Het wort is de basis van het bier en bevat dus zoals gezegd vergistbare en onvergistbare suikers. Het wort wordt na het klaren gekookt. Hier wordt er hop toegevoegd om de bitterheid aan het bier te geven, en het bevordert eveneens de bewaartijd. Door het kookproces en de hop zullen de aanwezige eiwitten uitvlokken. Door de verdamping van het water krijgen we een hogere concentratie van suikers.


Gisten

Direct na het koken wordt het wort gefilterd en gekoeld. Dit moet zo snel mogelijk gebeuren om de kans op bacteriën te verkleinen. Gist en lucht worden na het koelen toegevoegd. De vergistbare suikers worden omgezet tot alcohol en koolzuurgas. Dit noemt men de hoofdgisting.
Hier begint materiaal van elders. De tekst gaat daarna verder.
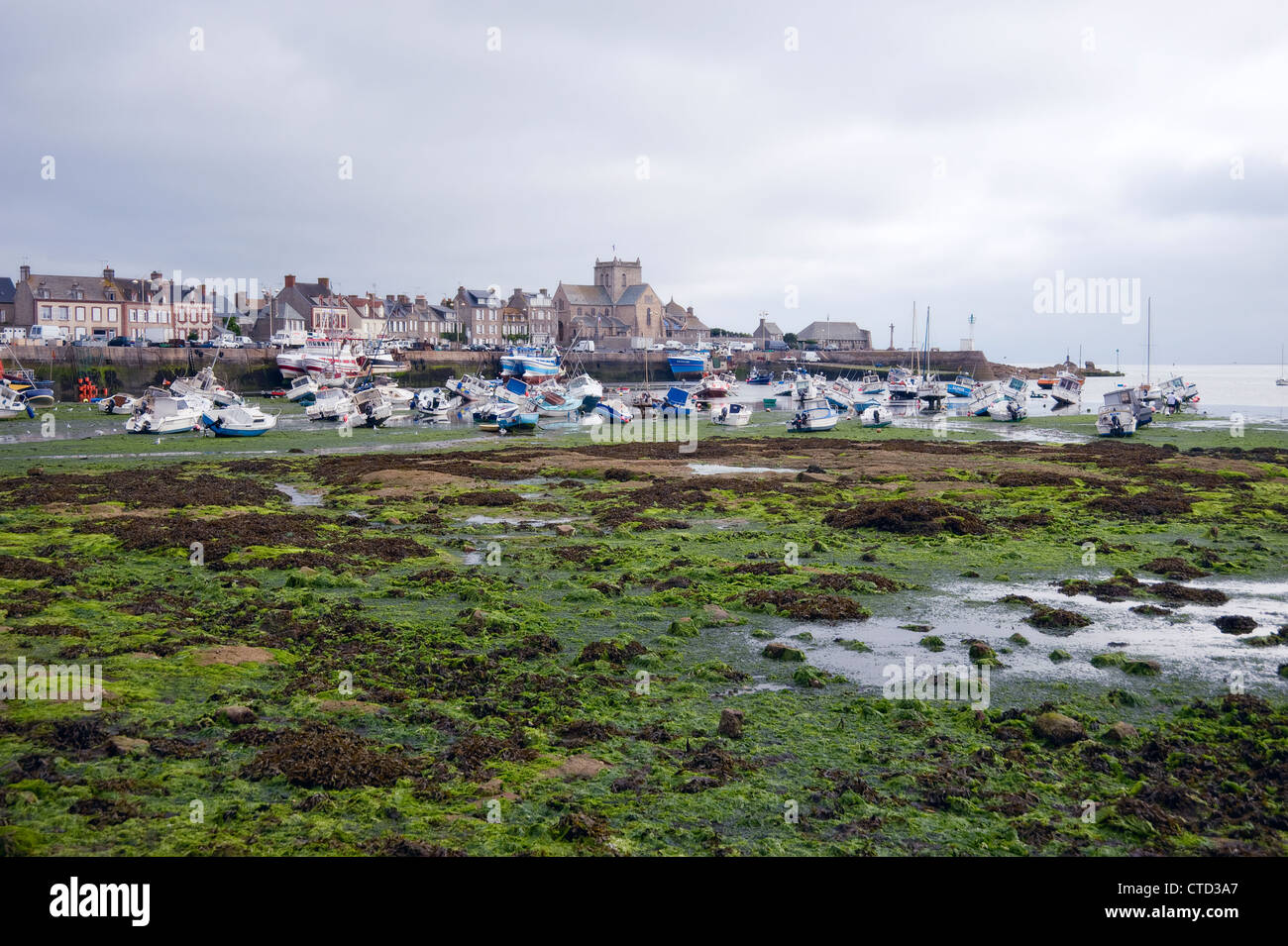 Harbor with low tide Stock Photo Alamy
Wanneer hier de koeltemperatuur tot ongeveer 5°C wordt gebracht duurt de gisting langer en krijgen we een ondergistend bier. Bij een hogere temperatuur (circa 22°C) krijgen we een bovengistend bier.


Lageren

Het lageren is niet meer dan in feite een tweede gisting. Dit gebeurt in een gesloten kuip zodat het koolzuur niet kan ontsnappen. Er wordt uiteraard wel een waterslot aangebracht op de kuip, zodat die niet zal ontploffen door het ontstane koolzuur. Het slot dient er voor om toch wat koolzuur te laten ontsnappen, maar het laat geen bacteriën door.


Filteren

Sommige bieren worden na het lageren nog een keer gefilterd om de troebelheid van het bier weg te krijgen. Je hebt dan een zeer helder bier.


Bottelen

Vele bieren worden gewoon niet gefilterd en worden na het lageren gewoon gebotteld. Veelal wordt er nog extra suiker en gist toegevoegd zodat het bier nog eens kan “hergisten” op de fles. Dit lees je dan wel op het etiket. Die hergisting zorgt er voor dat het bier nog van smaak zal veranderen en evolueert met de maanden dat het in de fles zit.

Zo kan je tegenwoordig van verschillende bieren ook verschillende jaartallen proeven. Een jonger bier zal krachtiger zijn dan een bier dat al enkele jaren in de fles zit. Wat het beste is dien je zelf uit te maken. Je hebt nu eenmaal liefhebbers van een jong bier, tevens zijn er voorstanders die hun bier in de kelder op een donkere en koele plaats laten rijpen.